Good bread: Hard to find but spreading

One of my former co-workers at The Sacramento Bee, Dave Jensen, had an unusual post on his stem-cell research blog: a tout for his brother's bakery, Serious Bread, which opened for business after Hurricane Katrina. Bay St. Louis is a little far to go on a regular basis, but I salute him and his philosophy of bread:


I was raised years ago in the West, where sourdough was king. The bread had good taste and texture. In the years following college I spent a lot of time in Europe enjoying wonderful bread. Upon returning home I was faced with the dilemma of finding good bread, that earthly kind I had learned to love overseas. Whenever I returned to Mississippi from a California vacation, one of my suitcases would be loaded with sourdough bread or I would get a care package at Christmas containing sourdough. In the end I always ran out and faced with by bread problem. About 10 years ago I visited my sister-in-law, Sharon, in San Diego and she was making this great bread……..and I started to bake.

In my other life I was an oceanographer and towards the end of my career I took a bread class at King Arthur Flour to see if I really wanted to bake better bread. I followed this with a week at the John Campbell Folk School learning about sourdoughs. My wife and I are going to Colorado in early October to learn about starters, more sourdough, and New York bagels. Old time bread making is generally considered a lost art. We make our Serious Breads from scratch and do a lot of hand kneading. Most of our bread is made with a poolish or a biga. We have found doing it this way provides the bread with a better taste and texture. In other words good healthy eating and that’s what we are about.
Keep safe.

The Breadman at the Mockingbird Café
Bay St.
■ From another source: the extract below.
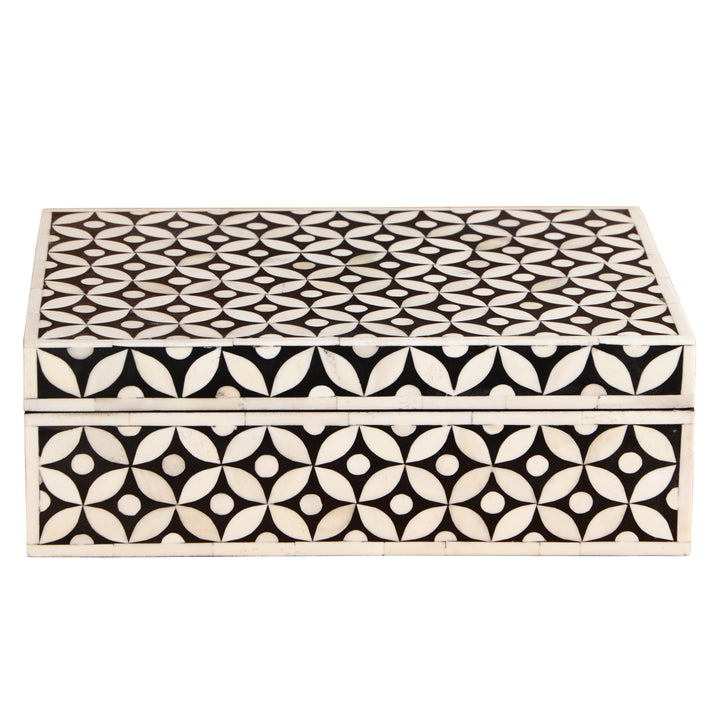 Bone Inlay Box Medium - Black Geometric - Abacus and Hunt LLC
Louis, Mississippi.

And, in case your travels bring you that way, here's a little about the Mockingbird Cafe that houses Jensen's bakery:
Business is perking up for a new coffee shop in Old Town Bay St. Louis. "Mockingbird Cafe" opened exactly a year after Katrina hit.

"We came home and there weren't any of our coffee shops open. Everything was destroyed," said Alicein Chambers.

Alicein and Martin Chambers bought the pre-Civil War house on Second Street, and restored it.

"We wanted to make sure that this building in particular was protected, and not torn down and turned into condos or whatever else people might have planned," Chambers said. "There are so few buildings left." "Some of the buildings in Old Town are probably 100 years or so," said Councilman-at-large Bill Taylor.